(Collected data)
....
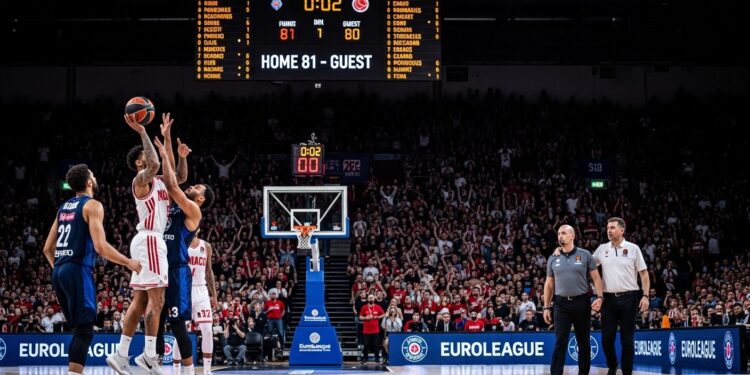 Monaco crée la sensation en simposant 81 80 contre le dauphin Olympiakos en Euroligue Exploit héroïque malgré la blessure de James et un terrible 524 à trois points Récit complet du match   Viral Mag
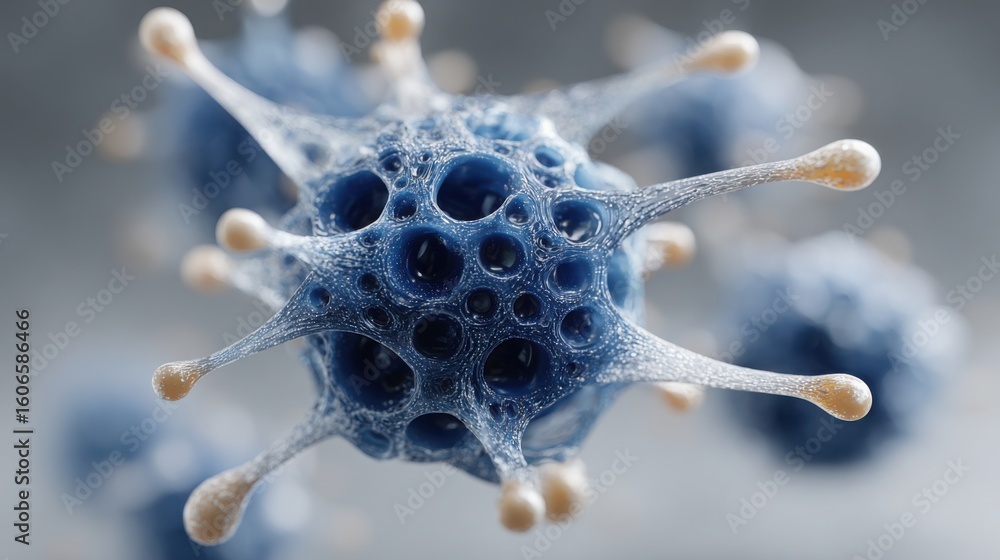 Poster intricate artistic representation of a virus in a corporate neural network concept for modern techno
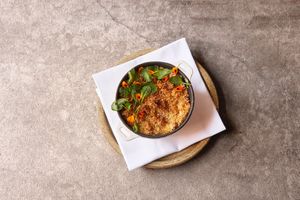 Smoked mac and cheese with chickpea protein pasta at Holy Carrot in London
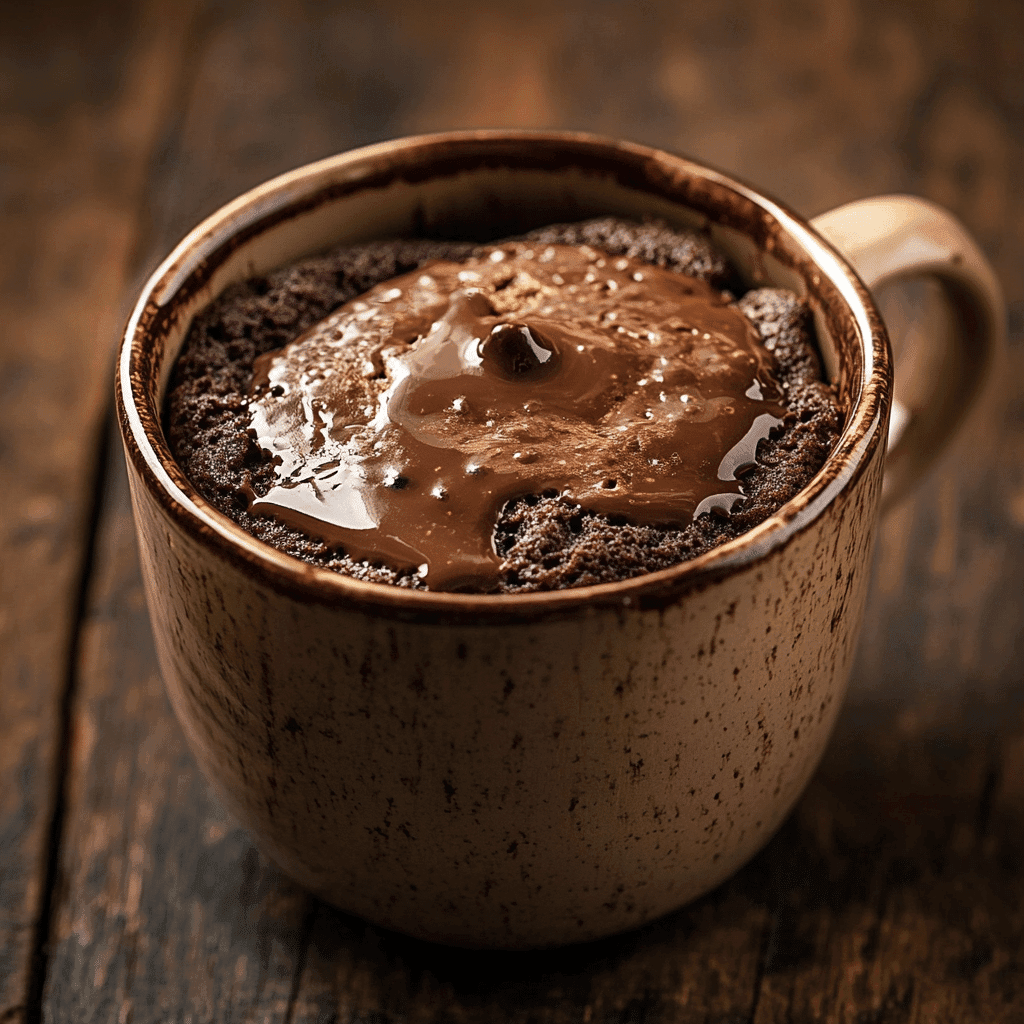 Protein mug cake in ceramic mug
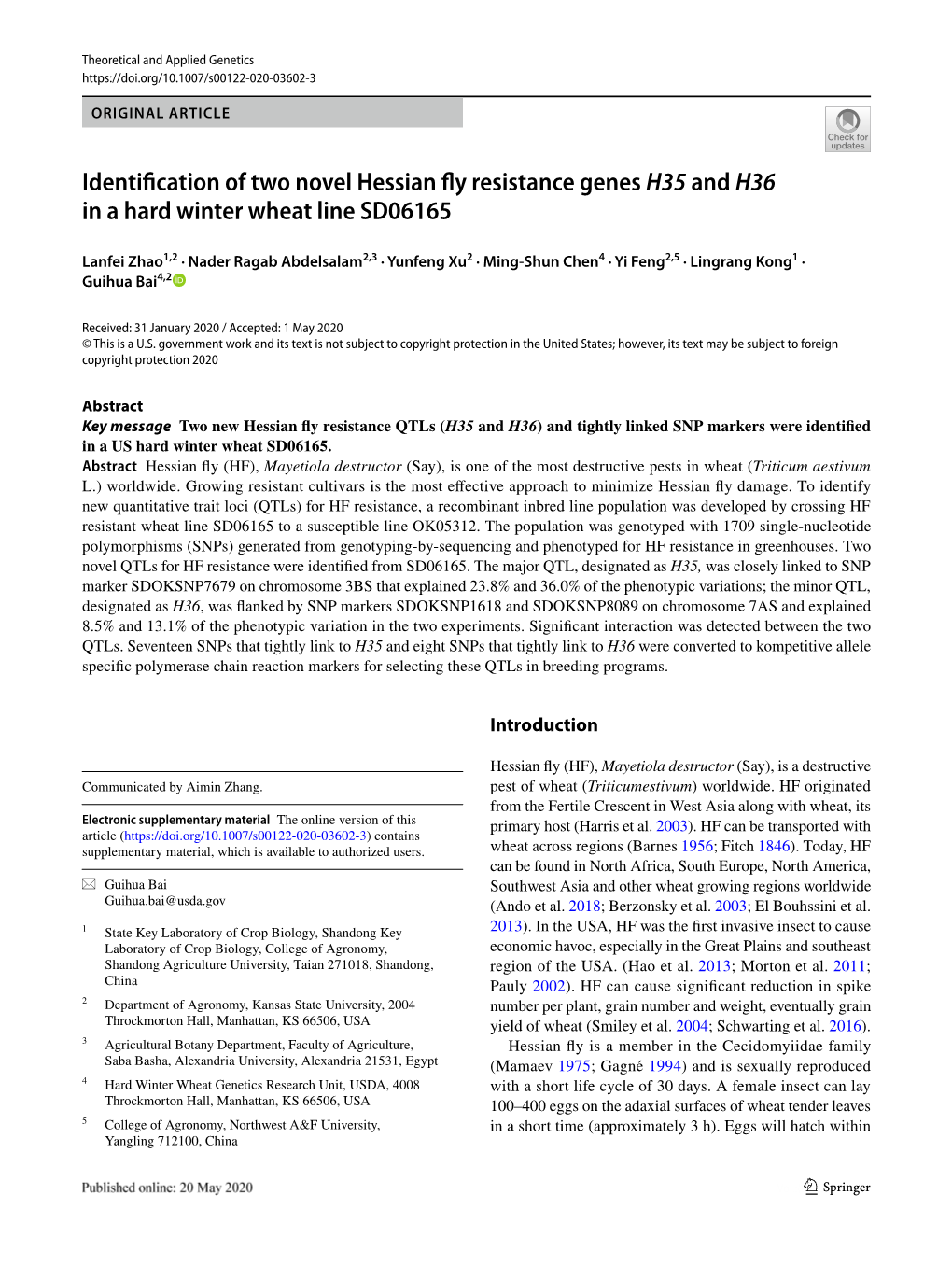 Identification of Two Novel Hessian Fly Resistance Genes H35 and H36 in A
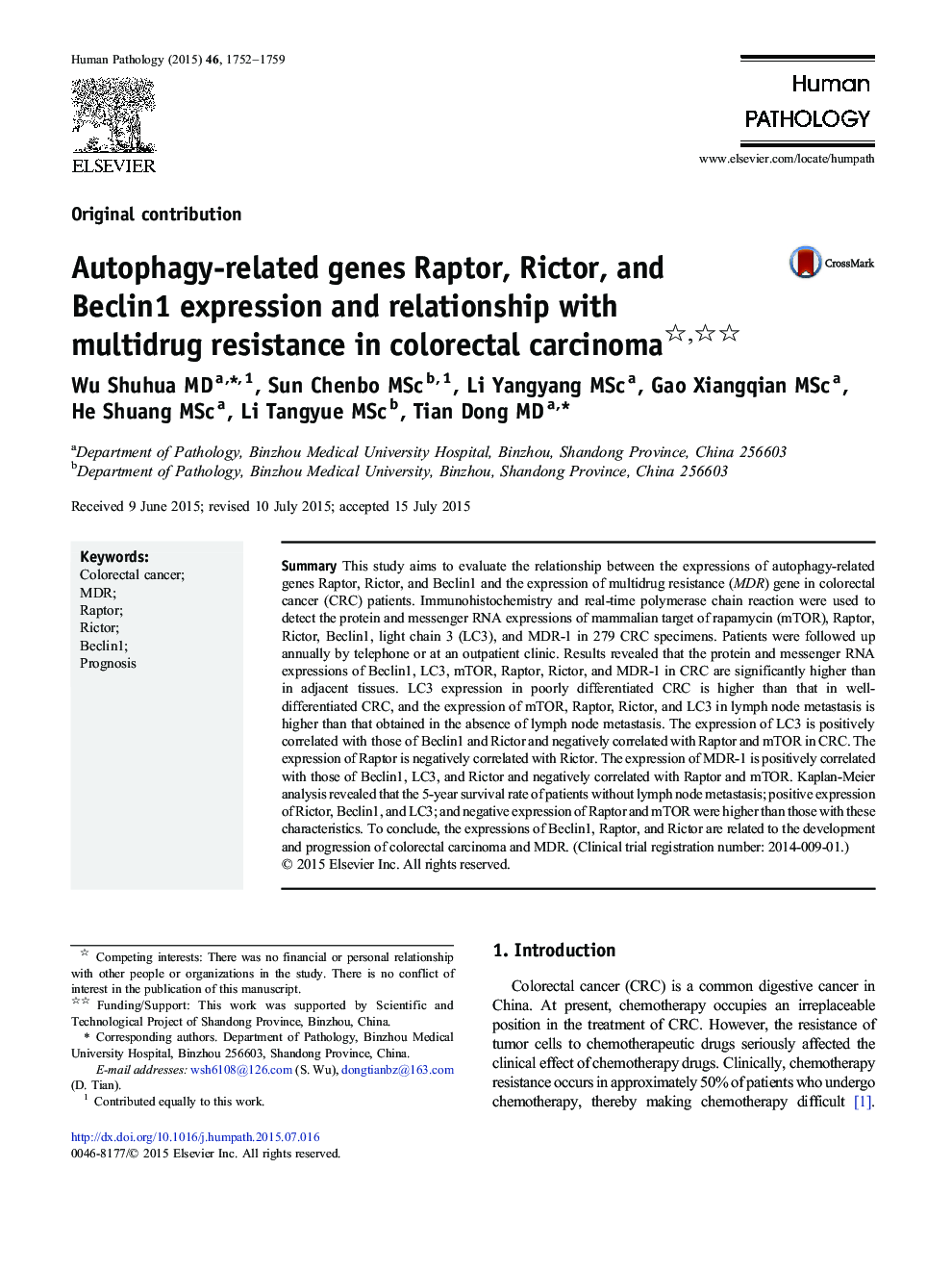 Autophagy-related genes Raptor, Rictor, and Beclin1 expression and relationship with multidrug resistance in colorectal carcinoma 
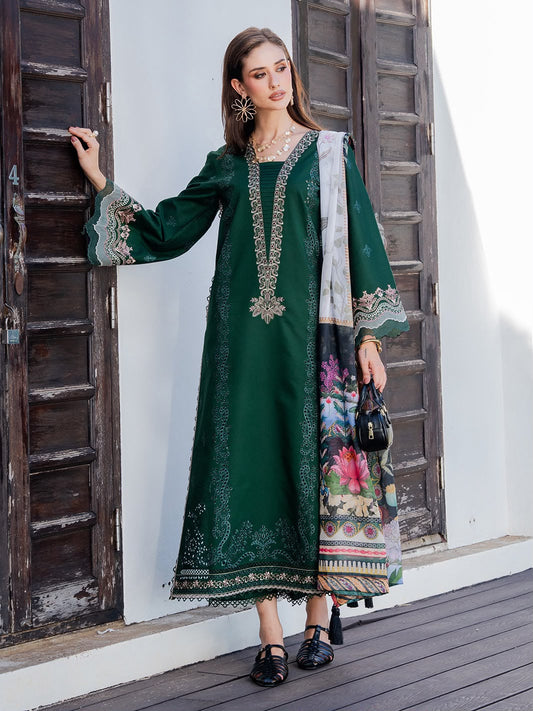 Izel Brand Premium Quality Dhanak Stuff Beautiful Viral Unstitched 3 Piece Dress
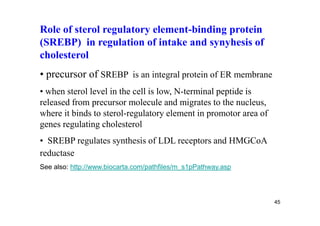 Role of sterol regulatory element-binding protein
(SREBP) in regulation of intake and synyhesis of
cholesterol
• precursor of SREBP is an integral protein of ER membrane
• when sterol level in the cell is low, N-terminal peptide is
released from precursor molecule and migrates to the nucleus,
where it binds to sterol-regulatory element in promotor area of
genes regulating cholesterol
• SREBP regulates synthesis of LDL receptors and HMGCoA
reductase
See also: http://www.biocarta.com/pathfiles/m_s1pPathway.asp




                                                                  45
 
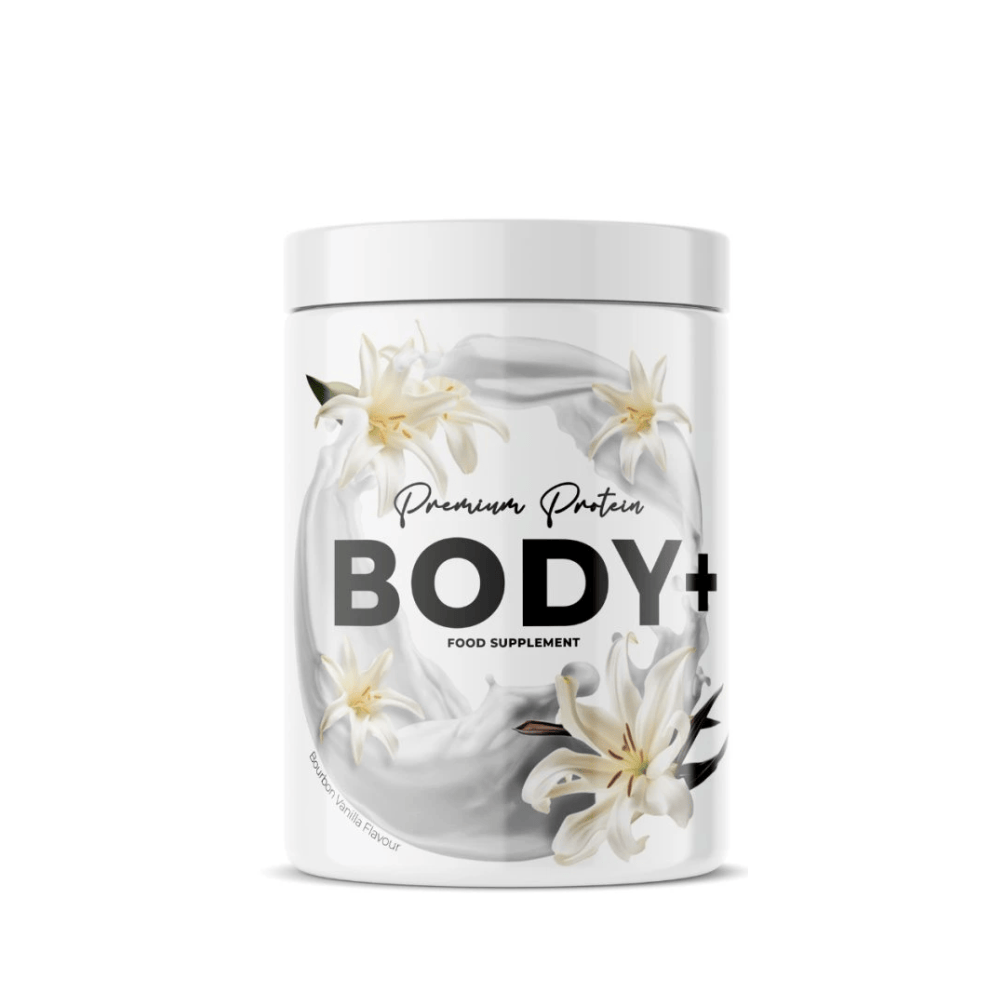 Protein BODY +, příchuť bourbon & vanilka, 500g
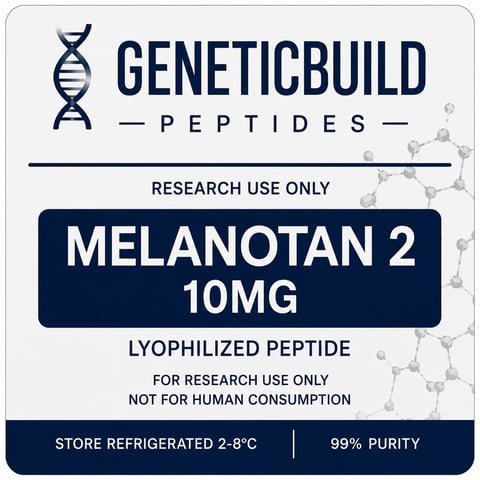 GeneticBuild Peptides label for Melanotan 2 10MG, a lyophilized peptide for research use only, 99% purity, store refrigerated 2-8C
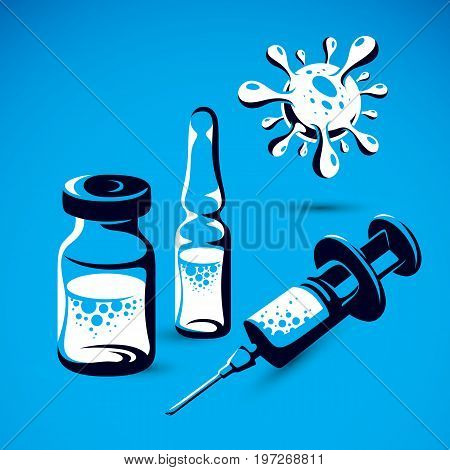 Vector graphic illustration of bottle ampoule with medicine and medical syringe for injections. Antivirus vaccination concept.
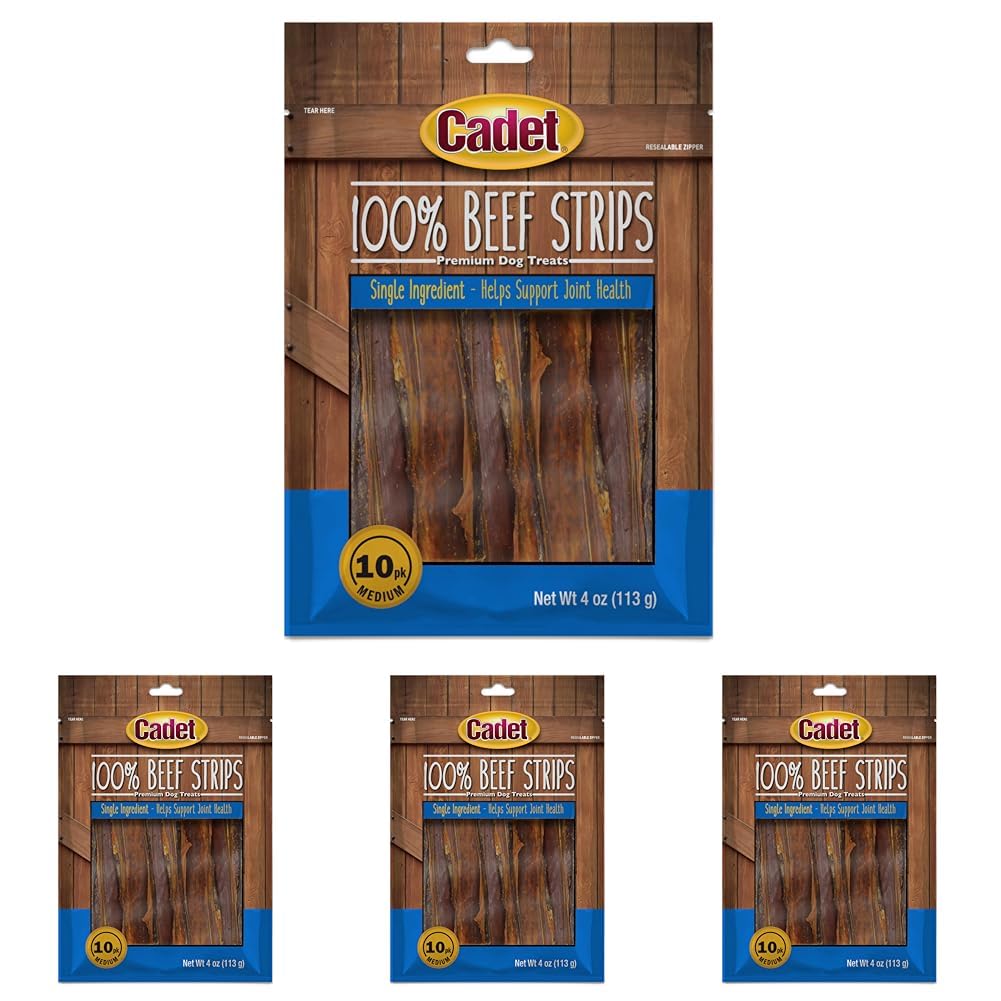 Cadet 100% Beef Strip Long Lasting Chews for Dogs, Single Ingredient Beef Esophagus Dog Treats, Natural High Protein Rawhide Alternative for Small & Large Dogs, 4 Ounce (Pack of 4) Image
....
__TASK TO COMPLETE__
Which lines above contain the word "precursor"? Copy each of them.

__SOLUTION TO THE EXERCISE__
• precursor of SREBP is an integral protein of ER membrane
released from precursor molecule and migrates to the nucleus,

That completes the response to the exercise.